Exercise brief —
Every line below must be reproduced exactly; no pictures are to be included.

Data —

==================================================

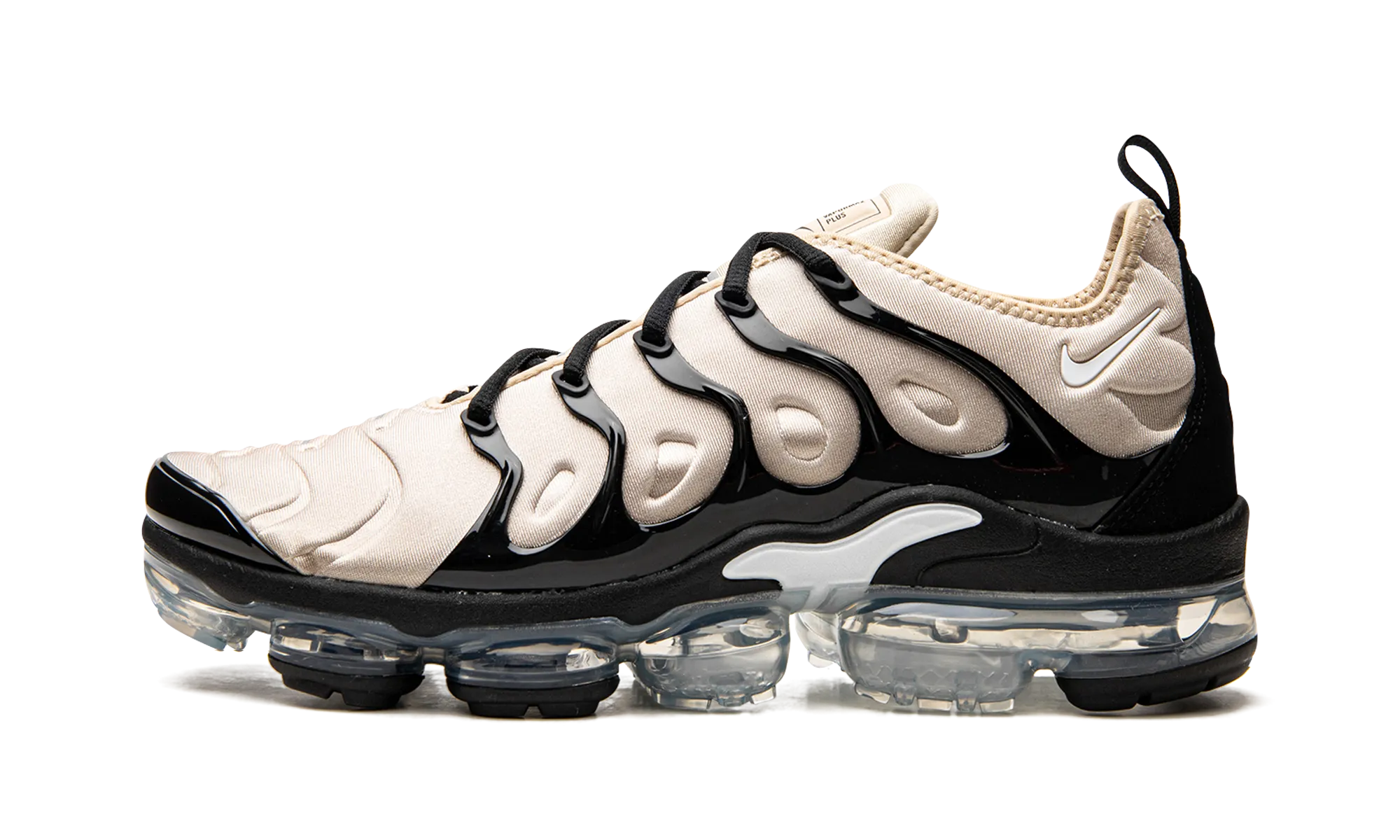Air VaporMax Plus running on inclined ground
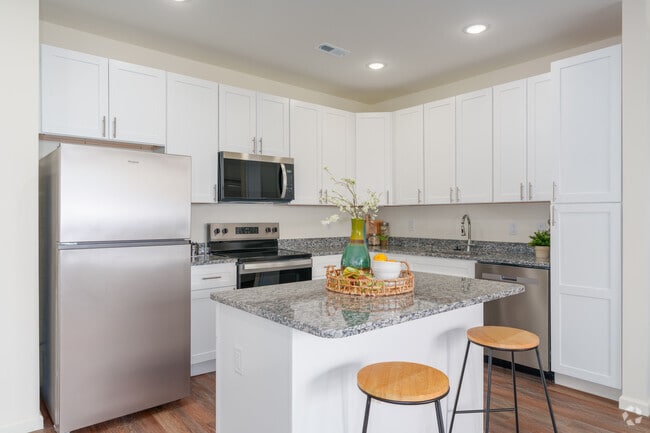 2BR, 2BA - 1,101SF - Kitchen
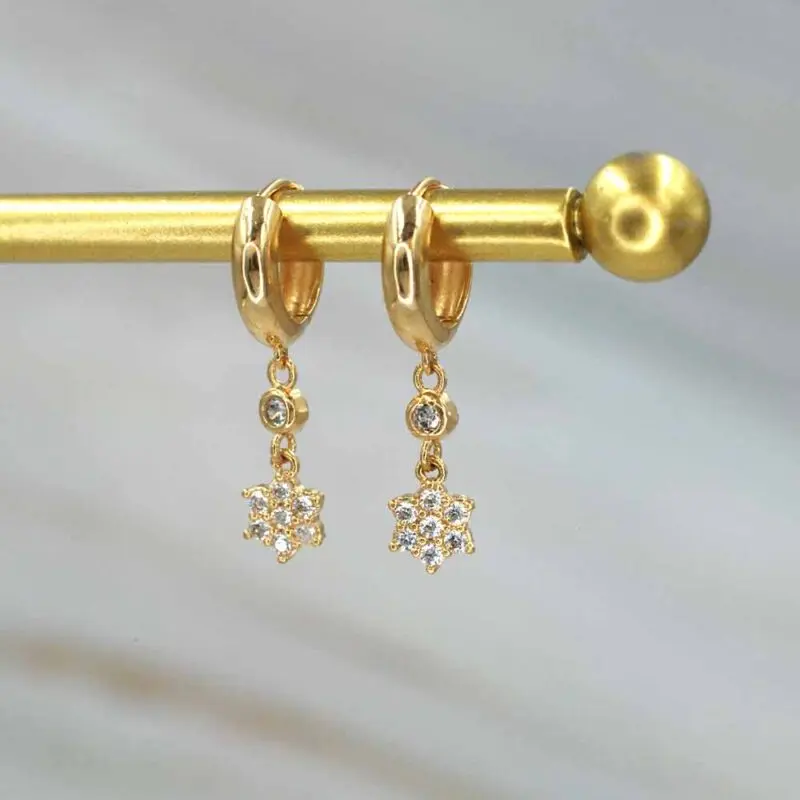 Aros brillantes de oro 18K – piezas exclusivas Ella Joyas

==================================================

Your response —
Air VaporMax Plus running on inclined ground
 2BR, 2BA - 1,101SF - Kitchen
 Aros brillantes de oro 18K – piezas exclusivas Ella Joyas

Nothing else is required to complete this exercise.